Cobalt-based resins have a more uniform structure than nickel-based resins. TALON resin contains negatively charged reactive sites that form three-dimensional pockets. Each pocket contains three carboxyl groups and one nitrogen atom that collectively bind a single, positively charged cobalt ion—an arrangement that allows the cobalt ion to bind to two adjacent histidine residues. In this configuration, cobalt is bound very tightly and does not leach out of the resin. Nickel-based resins are less homogeneous in structure because nickel ions can form two different coordination complexes: one of which forms a three-dimensional pocket similar to that of the TALON ligand, and a second that forms a planar (flat) structure. In the distorted, planar structure, each nickel ion binds to only two carboxyl groups and one nitrogen atom. As a result, the planar structure binds the nickel ions less tightly, allowing them to leach from the resin. TALON Metal Affinity Resin, with its uniform matrix, provides high affinity binding under a variety of purification conditions, ensuring optimal protein purification.

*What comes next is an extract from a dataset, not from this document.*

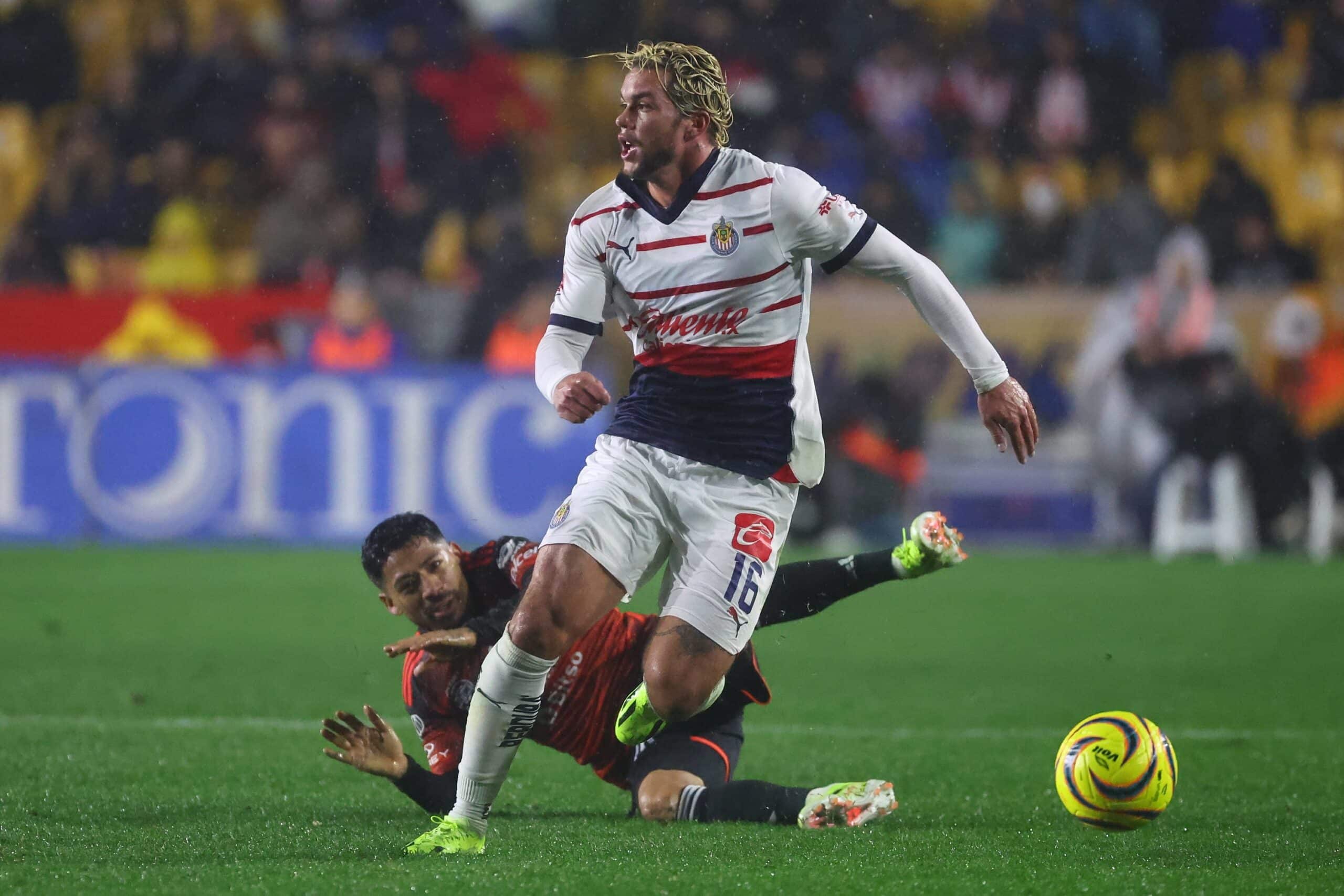 CADE COWELL CONDUCE EL BALÓN PARALAS CHIVAS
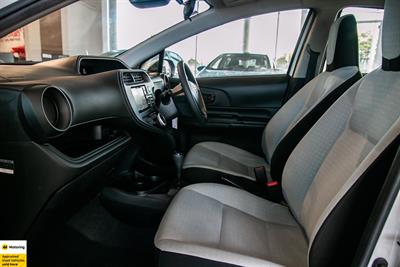 2019 Toyota Aqua - Thumbnail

Choice of Native or Denaturing Purification Conditions

TALON Resin retains its protein binding specificity and yield under a variety of purification conditions. It is stable under both denaturing and native (nondenaturing) conditions (see flow chart). Deciding whether to use native or denaturing purification conditions depends on protein location, solubility, accessibility of the his tag, downstream applications, and preservation of biological activity.

• Native Conditions
  

  Purifying a protein under native conditions (see example) is the most efficient way to preserve its biological activity, but requires that the protein be soluble. Advantages include:

  • Eliminating the renaturation step at the end of the purification, saving time, and preventing significant loss of activity
  • Retaining the ability to copurify enzyme subunits, cofactors, and associated proteins

• Denaturing Conditions
  

  Because proteins that are overexpressed in prokaryotic systems sometimes form insoluble aggregates called inclusion bodies, you may need to purify proteins under denaturing conditions (see example)—using strong denaturants such as 6 M guanidinium or 8 M urea to enhance protein solubility. Advantages include:

  • Complete solubilization of inclusion bodies and his-tagged proteins
  • Improved binding to the matrix and reduced nonspecific binding, due to full exposure of the his tag

His-tagged proteins purified under denaturing conditions can be used directly in subsequent applications, or may need to be renatured and refolded. Protein renaturation and refolding can be performed prior to elution from the column. However, yields of recombinant proteins will be lower than under native conditions, because urea and guanidinium molecules compete with histidines for binding to metal.

Use of Reducing Agents

Purification with TALON Resin may be carried out in the presence of β-mercaptoethanol (see example), but not DTT or DTE, to preserve reduced sulfhydryl (-SH) groups that are important for the biological activity and structure of a given protein. TALON provides higher yields than Ni-NTA (see example) in the presence of β-mercaptoethanol.